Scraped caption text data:

_____

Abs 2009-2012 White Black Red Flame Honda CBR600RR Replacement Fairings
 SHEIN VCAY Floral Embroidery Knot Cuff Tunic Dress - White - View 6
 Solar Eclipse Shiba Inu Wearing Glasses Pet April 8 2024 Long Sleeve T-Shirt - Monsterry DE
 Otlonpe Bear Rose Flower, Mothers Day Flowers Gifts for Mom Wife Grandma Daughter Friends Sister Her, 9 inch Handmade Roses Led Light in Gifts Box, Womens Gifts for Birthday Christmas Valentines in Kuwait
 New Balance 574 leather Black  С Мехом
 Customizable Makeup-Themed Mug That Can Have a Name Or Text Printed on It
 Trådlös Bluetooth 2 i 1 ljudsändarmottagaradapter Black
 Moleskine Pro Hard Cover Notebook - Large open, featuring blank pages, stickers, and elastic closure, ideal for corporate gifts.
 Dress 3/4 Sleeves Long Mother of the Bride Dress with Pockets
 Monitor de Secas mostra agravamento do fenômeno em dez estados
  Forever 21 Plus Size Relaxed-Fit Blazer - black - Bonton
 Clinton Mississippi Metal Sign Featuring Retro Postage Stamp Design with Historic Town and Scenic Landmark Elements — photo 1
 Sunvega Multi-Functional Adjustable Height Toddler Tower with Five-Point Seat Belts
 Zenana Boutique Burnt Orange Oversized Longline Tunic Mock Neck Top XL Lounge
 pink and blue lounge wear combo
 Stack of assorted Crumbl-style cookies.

_____

§ TASK DIRECTIONS:
Count how many lines in the records hold the string "Dress"; reply with the number alone.

§ EXERCISE OUTPUT:
2